Khan emphasized the immense economic and societal impact of populational aging, which will soon start straining global resources if we don’t find a way to extend healthy lifespan. The current reactive approach to healthcare is not producing additional gains in lifespan despite growing expenses. Hevolution’s vision for solving this is to move the global focus towards active prevention.
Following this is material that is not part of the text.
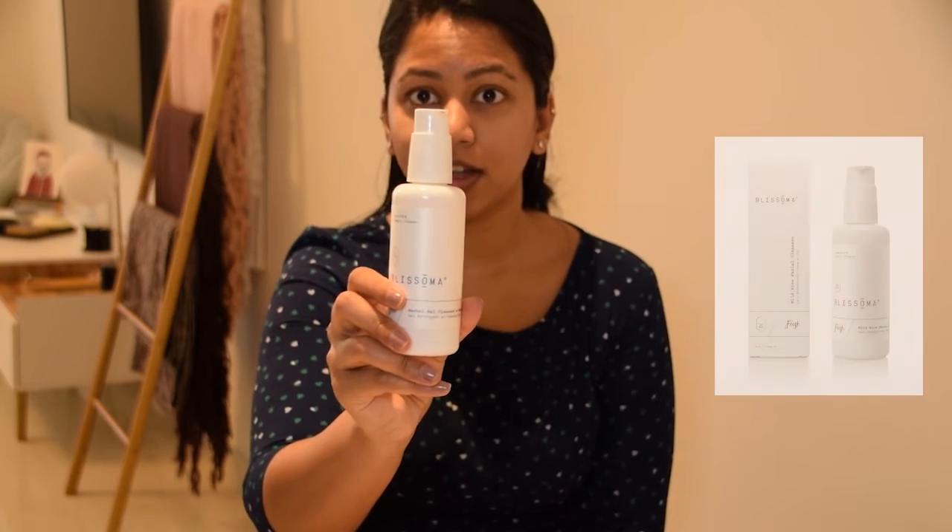To start off, I'm using the Brissoma face wash — as you guys can see, it's a gel cleanser which is great for my oily skin. And now we're back — let's begin with my moisturizer.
Population graying is a universal trend, Khan said, as all regions are getting older, including those that are relatively young today. Underdeveloped regions are particularly vulnerable because they lack the resources and the infrastructure needed to support their aging populations. “Estimates suggest that Africa will have more old people than any other continent in the world, given time,” Khan said. However, those regions also have more time to prepare and could produce the greatest impact in terms of healthy years of life.

Investments in biotech

To date, Hevolution has invested in two longevity biotech companies. Aeovian Pharmaceuticals is working on a selective mTORC1 inhibitor, while Rubedo Biosciences is focused on senolytics. Answering a question from Lifespan.io, Khan said that this choice does not necessarily reflect Hevolution’s affinity towards any particular direction in aging research: “I don’t have a favorite child. We look at the usual things – the quality of the science, the management team, and the success that they’ve had, including the data that they present. I can tell you we’ve looked so far at about 200.” Khan promised new investment announcements soon.

Advocacy matters

We also asked Khan whether Hevolution has been active in the field of longevity advocacy, which the foundation itself sees as a crucial element of the longevity ecosystem. Khan confirmed that the company assigns high importance to advocacy and suggested that because of its sheer size and visibility, Hevolution has already contributed a lot to shifting the attention of the world’s decision makers towards aging. Khan has been talking to prominent government and business leaders, and he sees healthy aging “becoming a priority.”

“It’s not just Hevolution,” he said. “The work you’re doing, everybody’s doing – if this activity is somewhat synchronized and aligned on the terminologies we use, it will raise the bar, and we’re seeing evidence that that is the case.”